Prepare the mushrooms by brushing off any dirt, trimming the stems and tearing any large ones in half.
Pour the stock into a saucepan with the trimmings/stalks from the mushrooms and warm through.
Heat a large frying pan or sauté pan until medium-hot. Add a knob of butter, the shallots and garlic and gently fry for a couple of minutes before adding the rice. Stir well, then add the wine and cook until the liquid has been absorbed.
Add a couple of ladlefuls of stock at a time, simmering between each addition until the rice has absorbed all the stock. Repeat until all the stock has been used and the rice is tender - it should take about 12-15 minutes.
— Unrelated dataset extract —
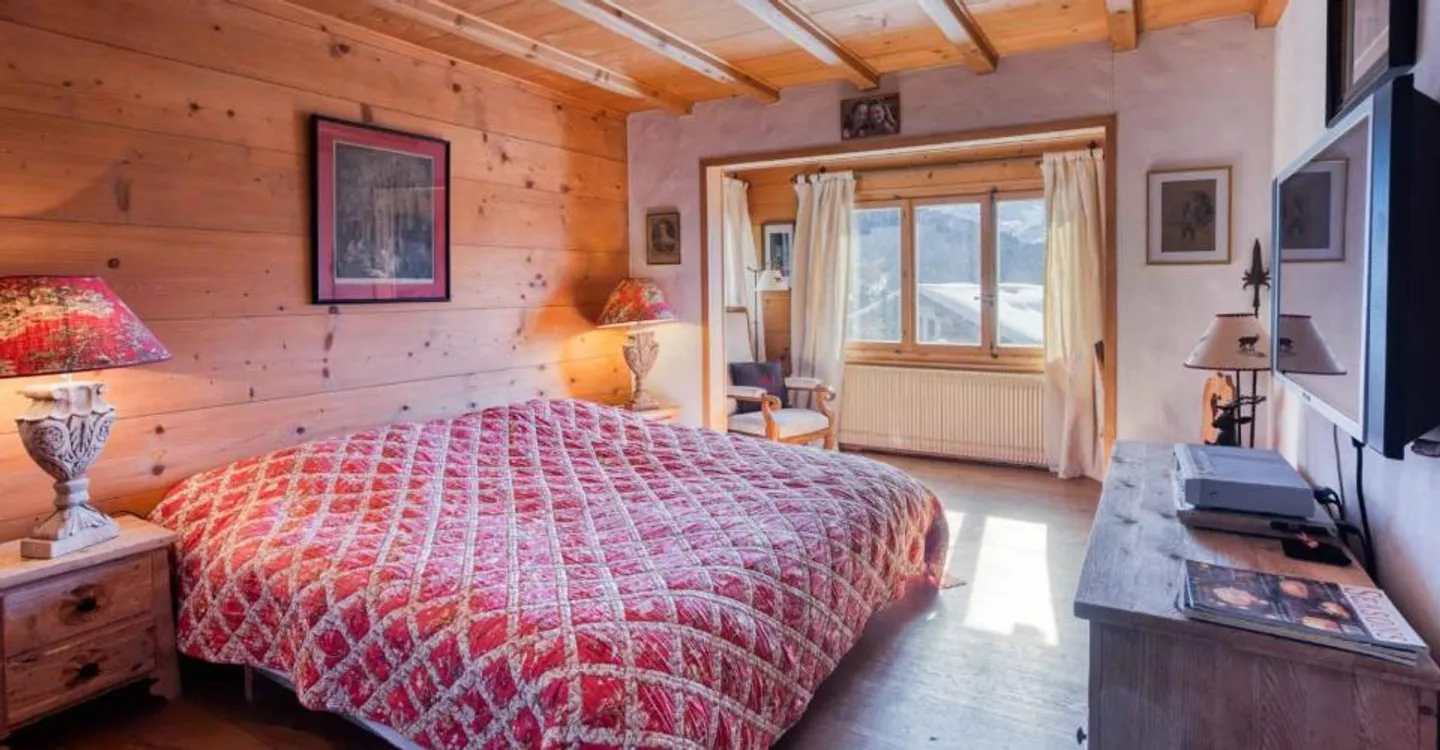 SUPERBO CHALET FAMILIARE CON 7 CAMERE: QUARTIERE LA PRÉTAIRE - Foto 8 di 11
While the rice cooks, heat a non-stick frying pan until hot. Add the remaining butter and a tablespoon of olive oil, add the mushrooms and cook over a high heat until just golden-brown and tender.
Add the mushrooms to the risotto and stir through, then stir in the teriyaki sauce, mascarpone and parmesan.
Pour the milk into a saucepan with the lime leaves and lecithin and bring just to a simmer. Blend with a stick blender to create a foam.
Wipe the pan out, return it to the heat and add the last of the olive oil. Cook the red mullet skin-side down for a minute before turning over and cooking for another 30 seconds on the flesh side.
Spoon the risotto into serving bowls, top with a fillet of red mullet, skin-side up, and finish with a spoonful of lime leaf foam.